### AIM OF THE EXERCISE
Would you retype, word for word, only the lines from the one holding "Dorf-Gasthaus-Küche. Ein Koch" through the final line of the entries below, without the pictures?

SUPPLIED INFORMATION Block Start

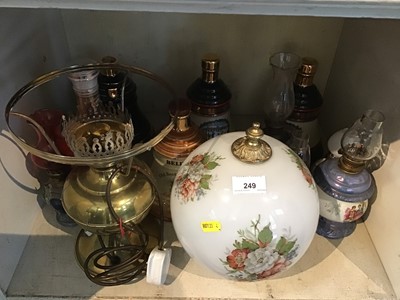 Lot 249 - Group of Wade Whisky Decanters, oil lamps, and Wade Veteran cars tankards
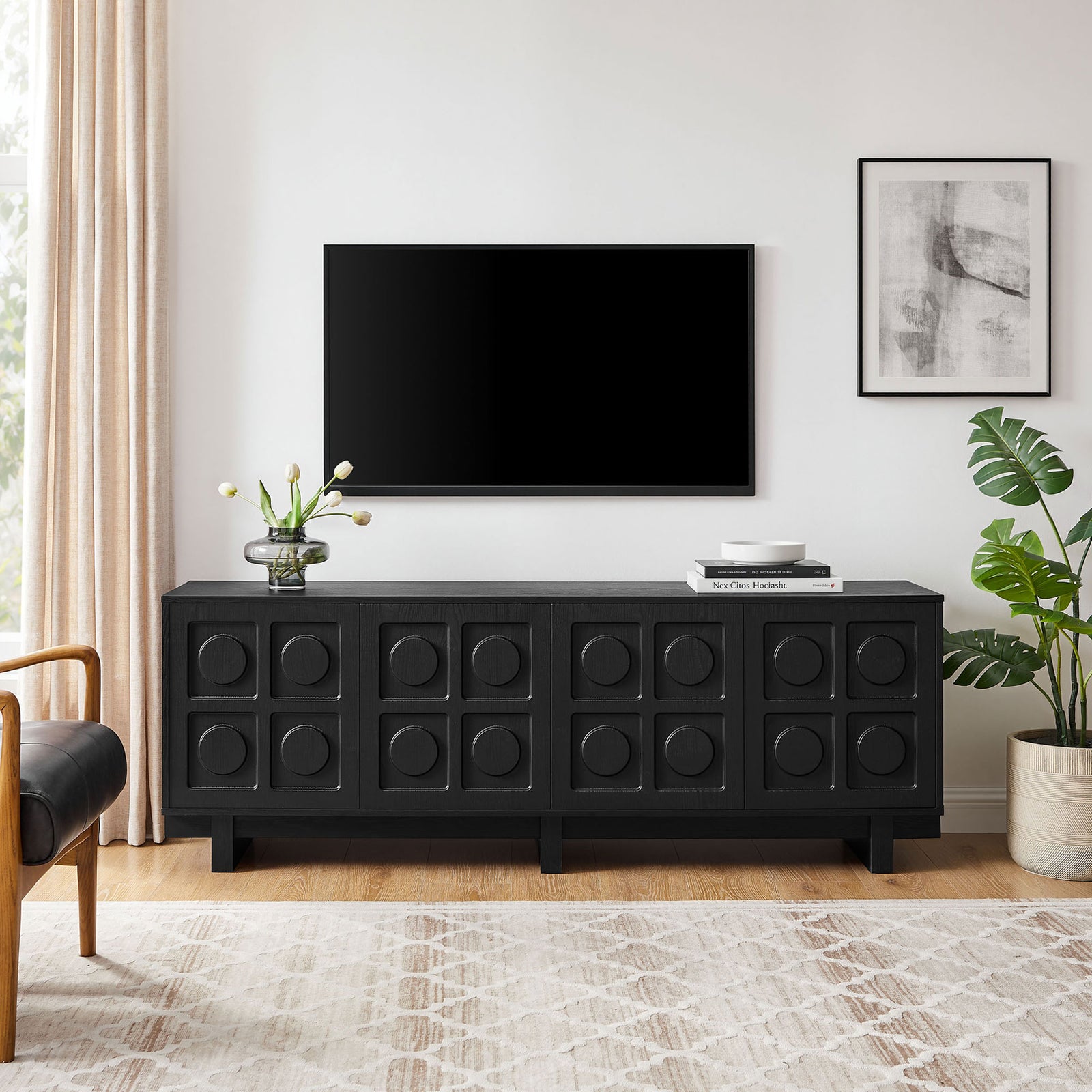 Black Knox TV stand centered under a wall mounted TV with plants and decor for a clean media setup || EEI-7450-BLK || front_room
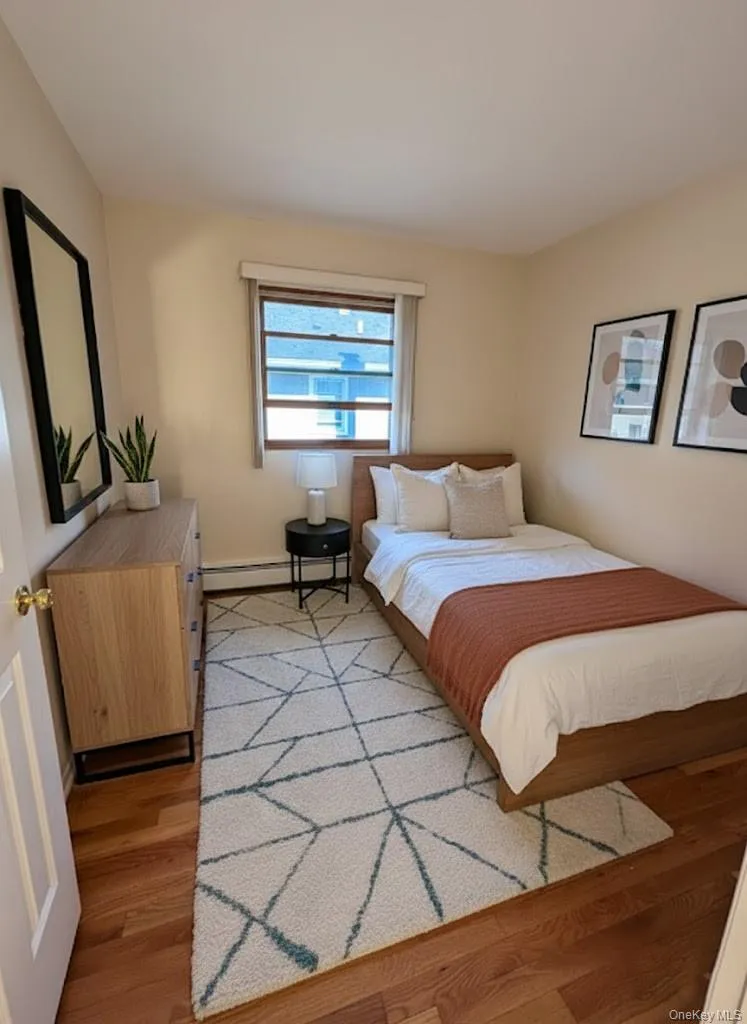 Bedroom with light wood finished floors and baseboard heating Bedroom with light wood finished floors and baseboard heating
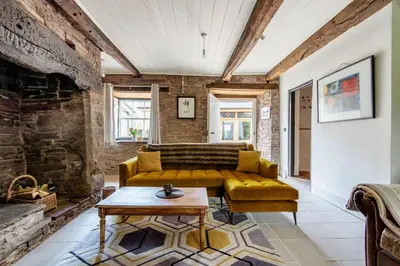 a living room with a yellow couch and a table at 4 bedroom farmhouse Brecon Beacons in Talgarth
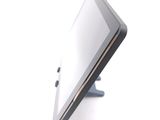 a tablet computer sitting on a stand on a white surface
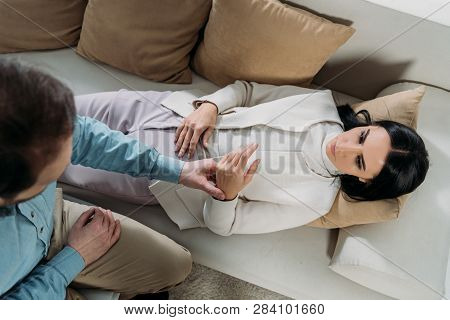 Overhead View Of Hypnotist Holding Wrist Of Young Woman Lying In Couch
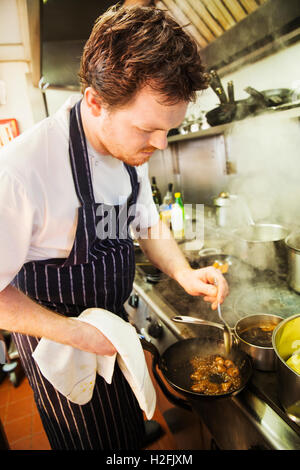 Dorf-Gasthaus-Küche. Ein Koch arbeitet rührende Zutaten in einer Pfanne erhitzen. Stockfoto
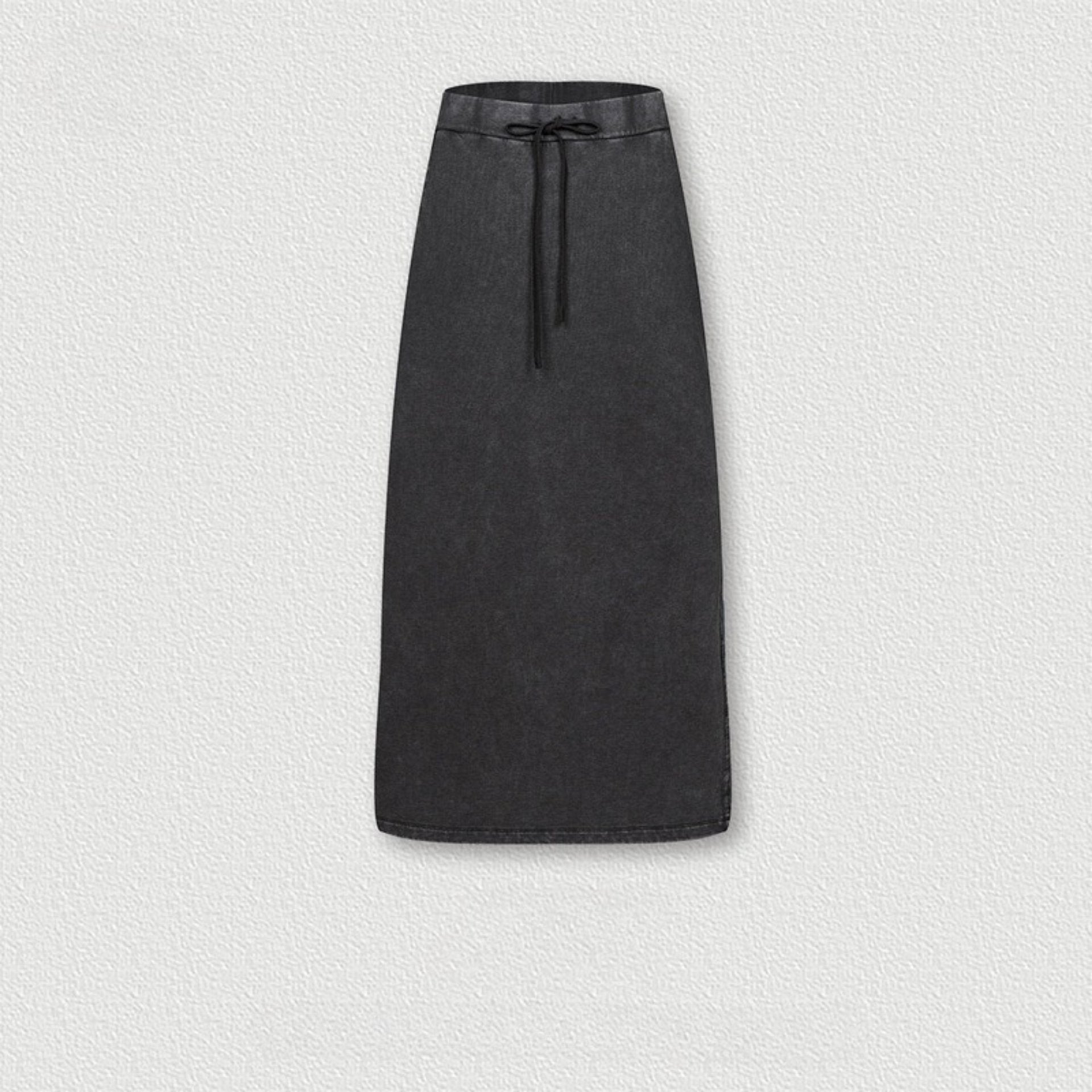 Black long denim skirt with drawstring waist, featuring soft washed texture and subtle side seam detail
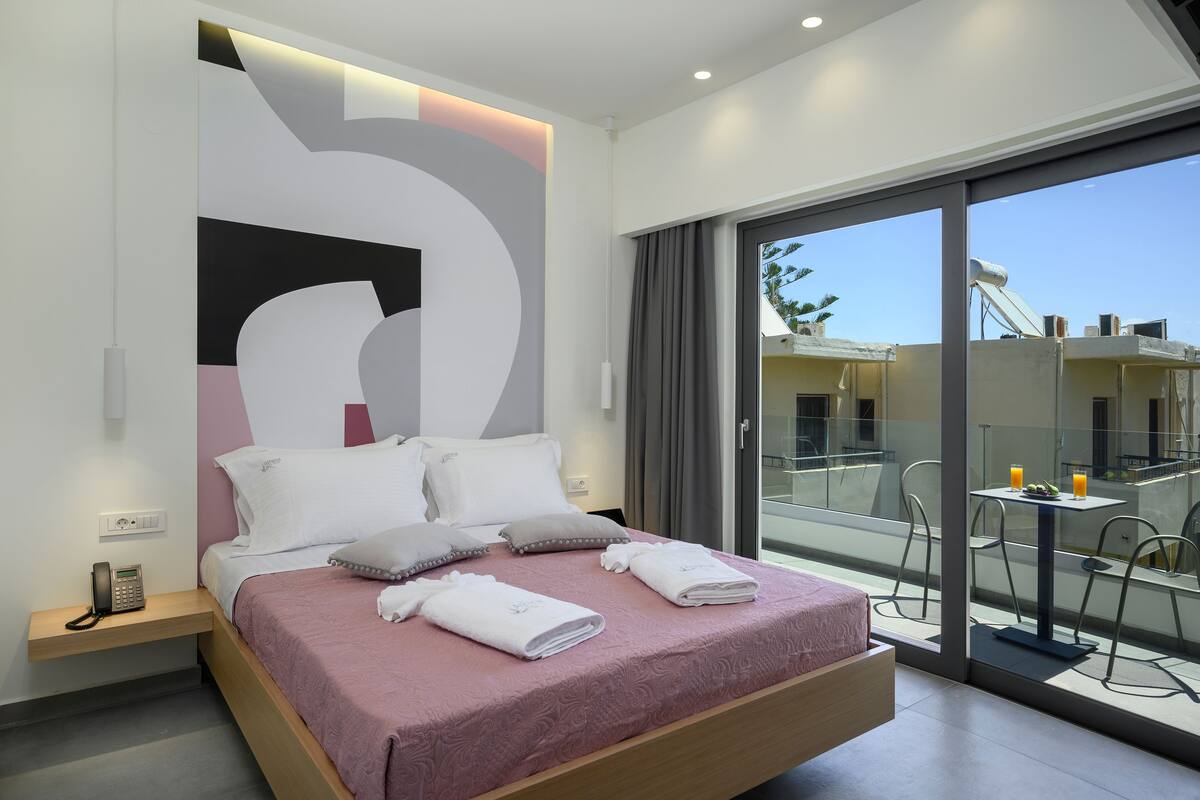 Una habitación de hotel moderna con una cama grande, un teléfono en la mesita de noche y un balcón con mesa y sillas.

SUPPLIED INFORMATION Block End

### OUTPUT FOR THIS EXERCISE
 Dorf-Gasthaus-Küche. Ein Koch arbeitet rührende Zutaten in einer Pfanne erhitzen. Stockfoto
 Black long denim skirt with drawstring waist, featuring soft washed texture and subtle side seam detail
 Una habitación de hotel moderna con una cama grande, un teléfono en la mesita de noche y un balcón con mesa y sillas.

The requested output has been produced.